The timing couldn’t have been worse (or more on-point for this discussion). Within a couple of months the dot-com bubble burst, sending AOL stock down by a quick 70 or so percent. The NASDAQ, home to most of the previous decade’s tech icons, eventually fell by 80% (a huge drop for a stock index) and didn’t recover for another 15 years.
The 2000s didn’t have a single monster deal that defined its peak. But they made up for it with sheer quantity. The following chart shows 2007’s aggregate global M&A activity exceeding the 2000 peak — and then plunging by about two-thirds in the next two years as the banking system that had financed all those delusional deals nearly died.
Which brings us to the present, in which Disney and Comcast are throwing money at Fox:
Disney raises its bid for Fox to $71 billion
(CNN) – Disney just raised the stakes in the fight for 21st Century Fox.
The company sweetened its offer Wednesday — $71.3 billion for Fox’s movie studio, along with Fox’s regional sports networks and cable channels like FX and National Geographic.
That’s more than the $65 billion Comcast offered a week ago. Disney had initially bid $52.4 billion for Fox in December.
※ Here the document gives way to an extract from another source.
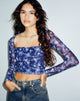 Bild von Kalula Bedrucktes Langarm-Top in Pretty Floral Navy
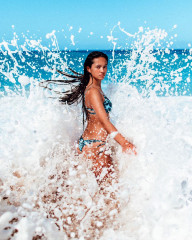 LILY CHEE in Bikini at a Photoshoot in Hawaii, January 2020 фото №1245095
Fox described the Disney offer as superior, and the two companies entered into a merger agreement. But that doesn’t mean it’s a done deal. Rupert Murdoch, Fox’s executive chairman, said Fox is open to better offers.
21st Century Fox is the next big prize as the media industry consolidates to survive against competitors such as Netflix and Facebook. Last week, a judge signed off on AT&T’s purchase of Time Warner, the parent company of CNN.
That court decision paved the way for Comcast’s attempt to swipe Fox from Disney. Like AT&T, Comcast is a content distributor that wants to buy a content creator. AT&T’s win was seen by some as a green light for a Comcast-Fox partnership.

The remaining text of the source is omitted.